■ **Dataset records**:
━━━━━━━━
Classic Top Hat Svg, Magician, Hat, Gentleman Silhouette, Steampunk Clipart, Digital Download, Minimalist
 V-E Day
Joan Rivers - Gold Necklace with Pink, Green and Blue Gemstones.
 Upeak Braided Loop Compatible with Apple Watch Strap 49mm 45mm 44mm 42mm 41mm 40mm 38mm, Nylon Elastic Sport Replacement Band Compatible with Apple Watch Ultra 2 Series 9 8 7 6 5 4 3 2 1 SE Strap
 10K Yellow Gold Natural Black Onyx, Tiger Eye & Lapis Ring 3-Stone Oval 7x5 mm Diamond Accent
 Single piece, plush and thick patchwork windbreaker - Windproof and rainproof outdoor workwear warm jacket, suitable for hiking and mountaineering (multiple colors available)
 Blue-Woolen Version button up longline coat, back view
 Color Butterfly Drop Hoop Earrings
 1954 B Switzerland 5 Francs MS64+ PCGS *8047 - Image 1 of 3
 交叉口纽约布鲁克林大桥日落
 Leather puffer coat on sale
━━━━━━━━
■ **Task**: Print, from the entries above, the line with "Single piece, plush", the line with "交叉口纽约布鲁克林大桥日落" and all lines between them, exactly and with nothing else.

■ **Result for this exercise**:
 Single piece, plush and thick patchwork windbreaker - Windproof and rainproof outdoor workwear warm jacket, suitable for hiking and mountaineering (multiple colors available)
 Blue-Woolen Version button up longline coat, back view
 Color Butterfly Drop Hoop Earrings
 1954 B Switzerland 5 Francs MS64+ PCGS *8047 - Image 1 of 3
 交叉口纽约布鲁克林大桥日落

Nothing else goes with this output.